The parades are over and the street sweepers have done their work to clean up the trash after they ended. Some of our BTLG peeps said prayers of thanksgiving during Sunday services in TBLG friendly churches while others woke up to hangovers after celebratory partying well into the night in the gayborhoods during a Pride Weekend that occured as a major policy objective was achieved.
Yes, life in America was forever impacted by the landmark SCOTUS ruling that established a fundamental right to marry and allowed many of my gay and lesbian friends in states like Texas hostile to same sex marriage to do so. It also conferred after a 12 year battle recognition of the marriages of many others who got them in other locales, but the states they resided in refused to do so.
And yes, it reinstated the ability of my trans brothers and trans sisters to get married that we`d had ever since Christine Jorgensen stepped off the plane from Denmark and have them recognized across this nation.
While the landmark SCOTUS ruling is something to celebrate, it still doesnt benefit the vast majority of people who still have to deal with the reality that in 29 states they can be fired for being gay, and 32 states for being transgender.
And as I have said more than a few times, you need money to pay for the wedding license, the wedding chapel, the wedding dress, the wedding tux, the wedding planner, the wedding rings, the wedding reception, and life after the wedding.
So what should our major TBLG policy priority be after marriage? Jobs, Jobs, Jobs!
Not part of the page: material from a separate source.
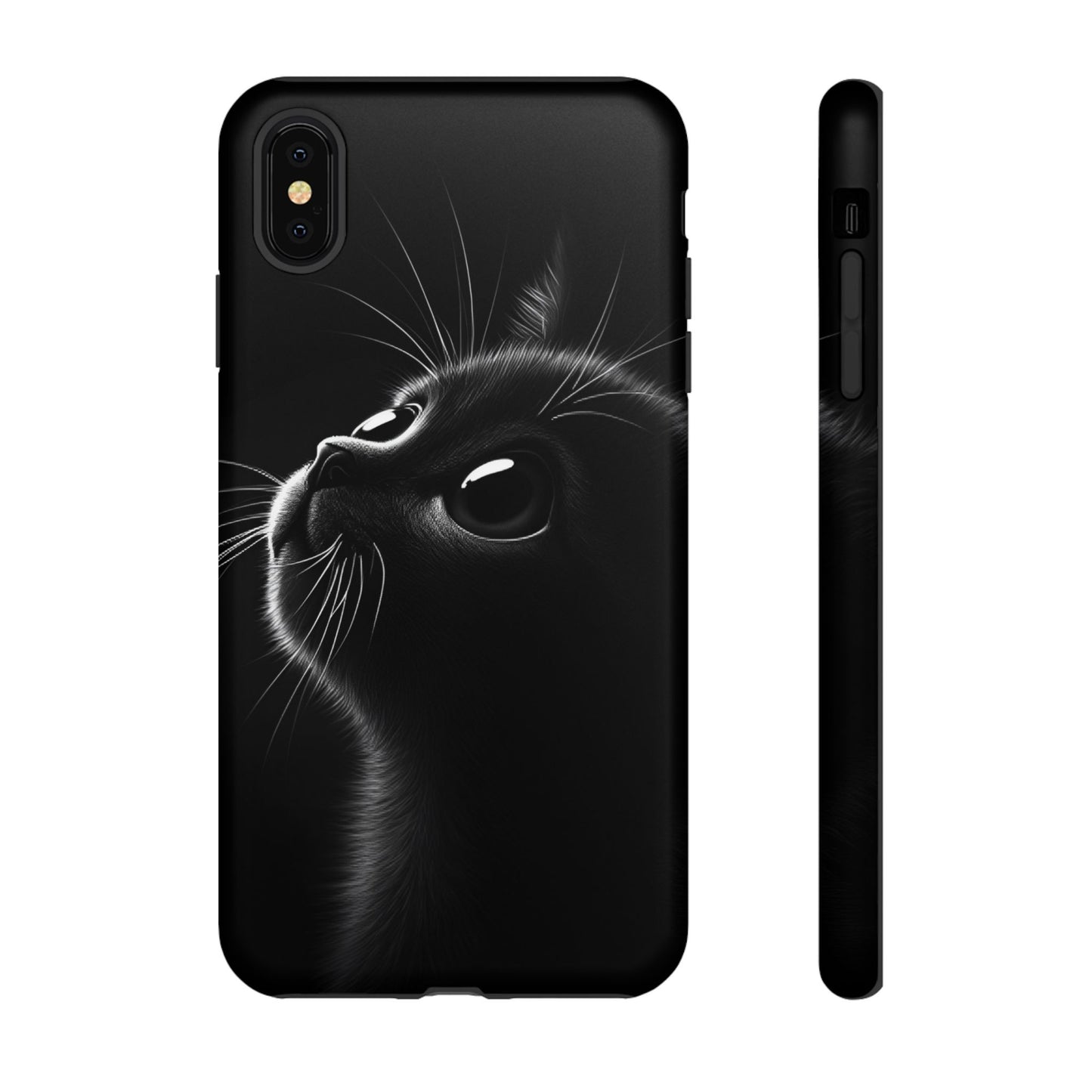 Cute Black Cat Phone Case - Cat Lover Phone Cases for iPhone 16 15 14 13 12 11, Samsung Galaxy & Google Pixel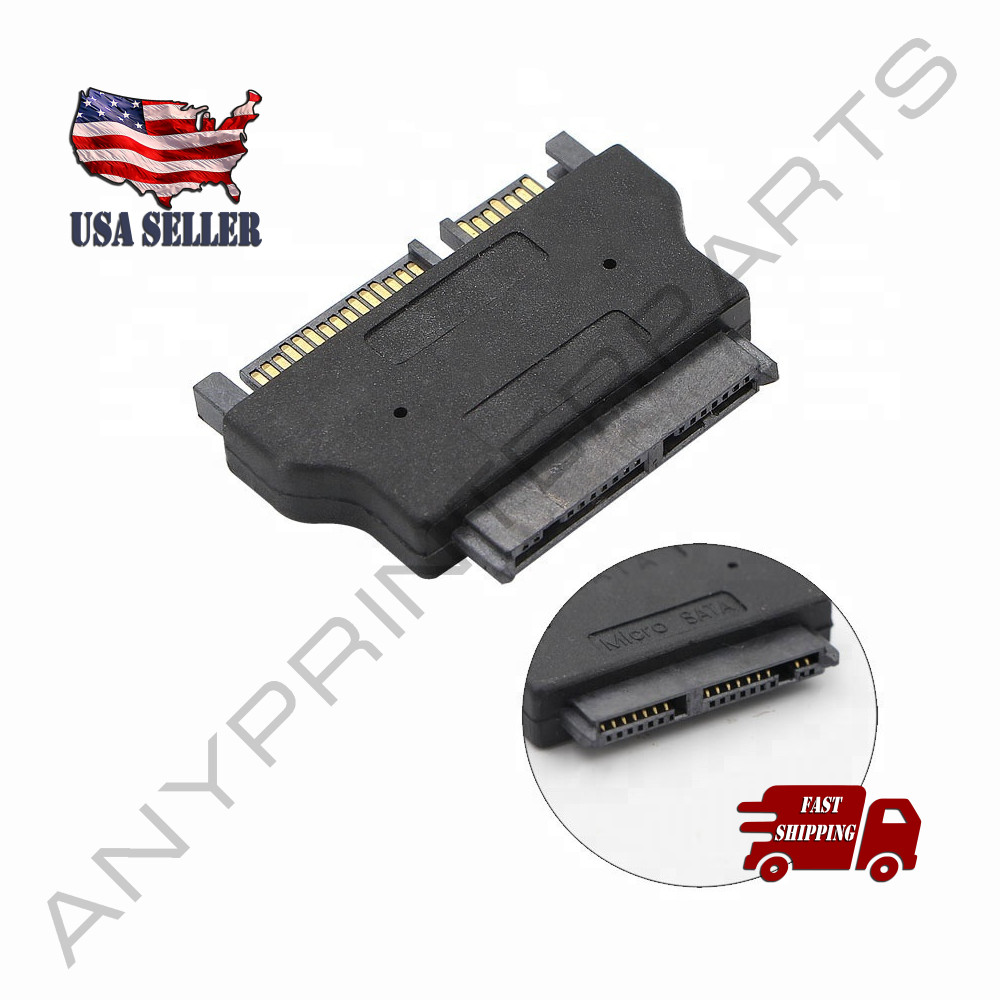 SATA 22 pin Male to 1.8″ Micro SATA 16 pin Female 3.3V Adapter Convertor for HDD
A full court press now needs to happen to get ENDA passed nationally, and do a local civic and state by state push to enact ENDA-style laws in all 50 states.
Your bi and trans sisters and brothers need their human rights respected, protected amd codified into law. Trans folks need ASAP the basic human rights protections you GL folks have enjoyed for decades and sometimes got by repeatedly throwing us unde the legislative bus as you did in Maryland, Massachusetts, New York and New Hampshire just to name a few egriegious examples of it
We want as trans men and women the ability to openly serve in our country`s armed forces. We want the near genocidal slaughter of trans women of color to end along with the end of the problematic incarceration of undocumented trans feminine women in ICE detention centers with cisgender men.
And yes, we trans people, and especially trans people of color, want to be sitting at the power tables in LGBT orgs helping formulate policy. We need trans elected officials on large city councils, state legislatures and eventually as US senators and congressmembers.
We need to have a human rights wave building that serves to rise all LGBT boats with it, not just the community have mores. We need to have a movemen that is also invested in being a justice for all movement and not a just-us one.
We also need to be a stand up ally to other groups and movements that supported our causes in ou time of need and not ones that use as an excuse to opt out of them `this isn`t an LGBT issue`.
The right to healthcare is an LGBT issue. Fighting for economic fairness is an LGBT issue. The right to vote is an LGBT issue. Climate change is an LGBT issue. A woman`s right to choose is an LGBT issue. Combating racism and sexism is an LGBT issue.
We LGBT peeps need to focus on being a shining example to the rest of straight cisgender America of how to build and sustain an intersectional anti-racist movement and community.
We need to lead and show the nation and the world how to eradicate anti-Blackness, sexism, transphobia, biphobia and racism from our ranks as our contribution to building the `beloved community` that the Rev. Dr Martin Luther King, Jr often talked about.
We also have to develop the ability to multitask. While we focus on solidifying our gains at home, we must also be aware that US based wingers like Scott Lively are spreading their LGBT hate message overseas to where it is unfortunately finding receptive ears and causing problems for our GLBT brothers and sisters in those nations.
As you probably realized by now, it takes sustained effort to achieve policy goals. The hard part is to defend and keep them while under sustained attack by our prevaricating right wing oppressors.
This community is at a crossroads now. It can either acknowledge that the human rights work in our BTLG ranks is not even close to being done and start working on the next phases of our movement, or it can repeat the mistakes made in Canada after they achieved marriage equality in 2003 and stopped working for policies and legislation that protected the LGBT have nots.
Which path will the American LGBT community take? I hope it`s the former and not the latter one.